### WHAT TO PRODUCE:
Print out the data precisely as it appears here, with no pictures.

Records from a data collection
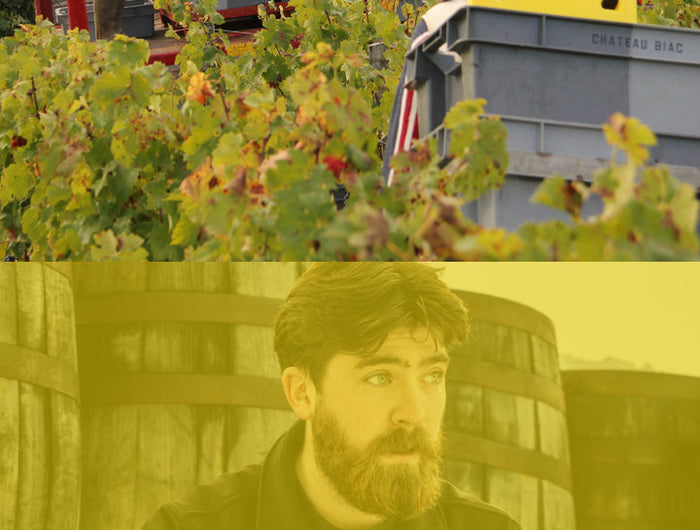 Vineyard workers harvesting grapes with a close-up of a worker in the foreground.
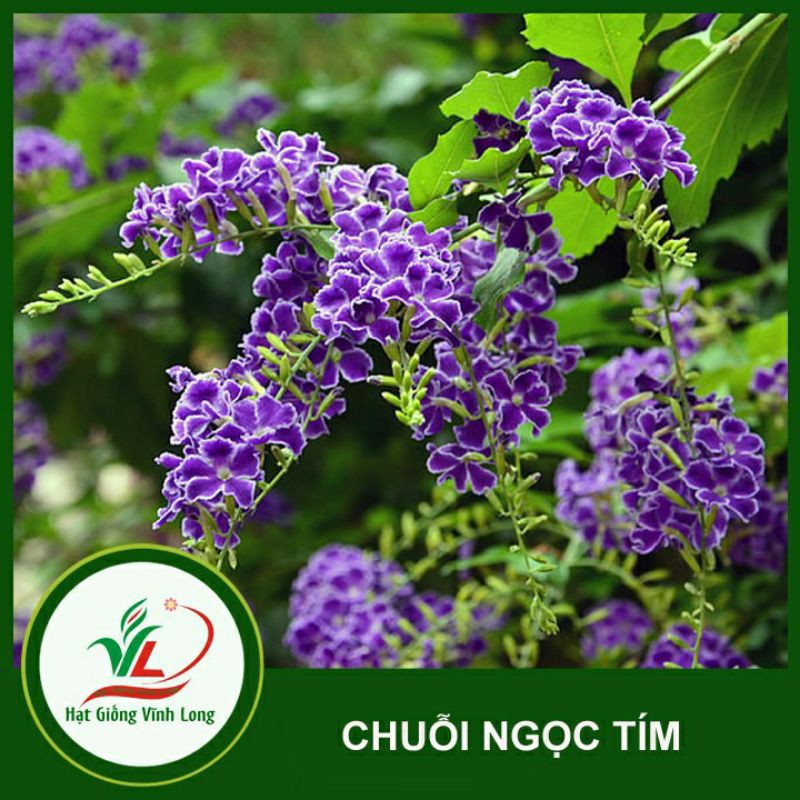 cây chuỗi ngọc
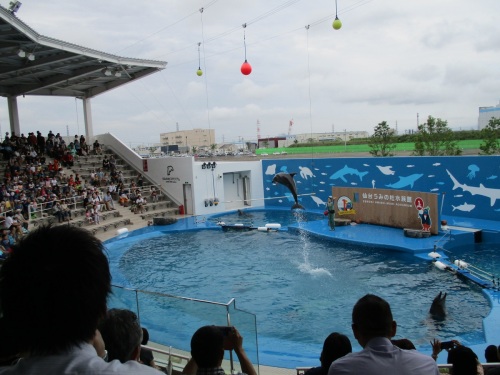 仙台うみの杜水族館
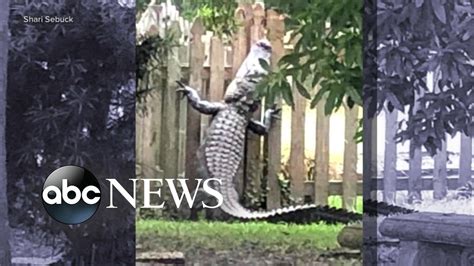 7-foot alligator scales backyard fence - YouTube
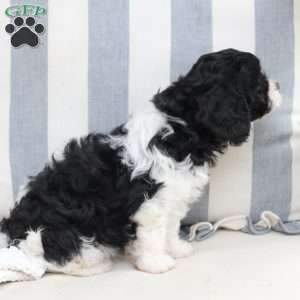 Pepper, Cavapoo Puppy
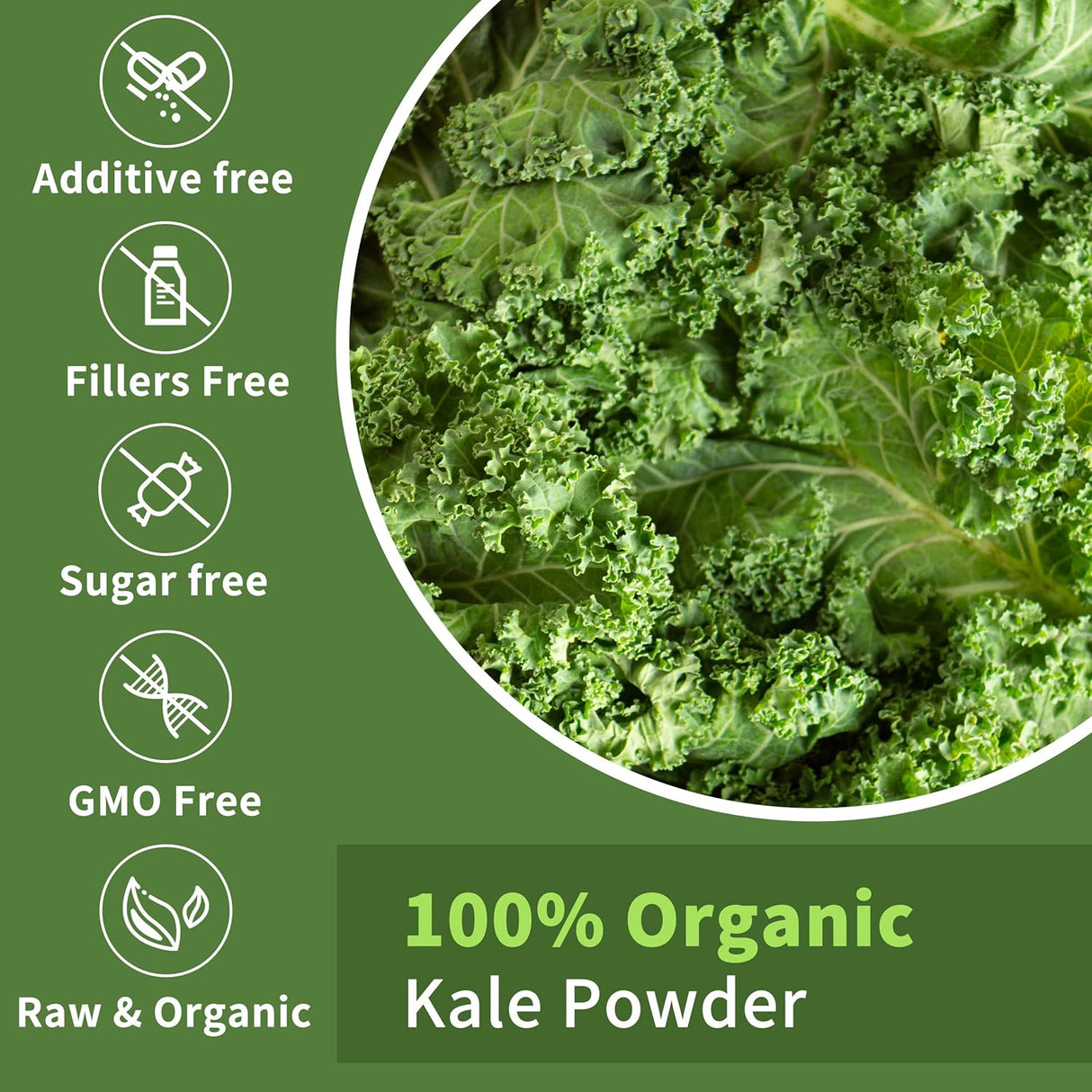 Hudetex Kale Powder Organic 226Gr.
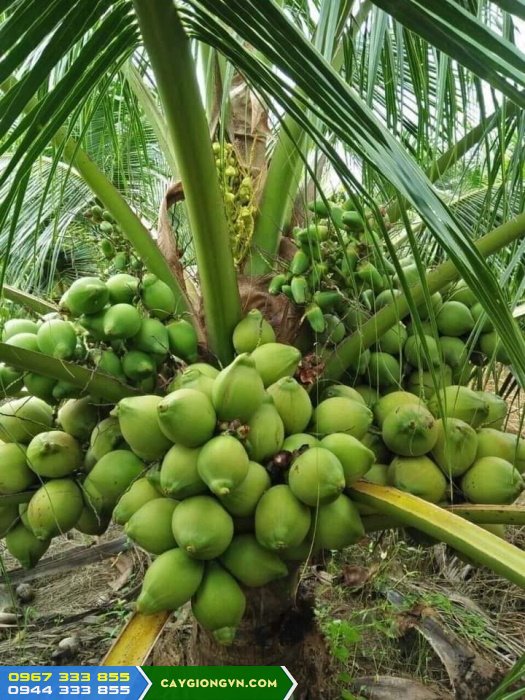 giong_dua_xiem_xanh_dua_lun_trai_xanh Giống dừa xiêm xanh lùn (dừa lùn trái xanh, dừa xiêm lục)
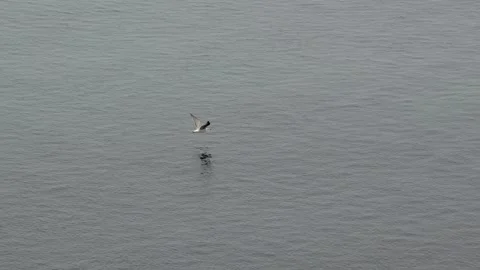 Wild Gull Flying Low Over Sea Near Nuuk Greenland in 4K Stock Footage 345516905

### OUTPUT FOR THIS EXERCISE:
 Vineyard workers harvesting grapes with a close-up of a worker in the foreground.
 cây chuỗi ngọc
 仙台うみの杜水族館
 7-foot alligator scales backyard fence - YouTube
 Pepper, Cavapoo Puppy
 Hudetex Kale Powder Organic 226Gr.
 giong_dua_xiem_xanh_dua_lun_trai_xanh Giống dừa xiêm xanh lùn (dừa lùn trái xanh, dừa xiêm lục)
 Wild Gull Flying Low Over Sea Near Nuuk Greenland in 4K Stock Footage 345516905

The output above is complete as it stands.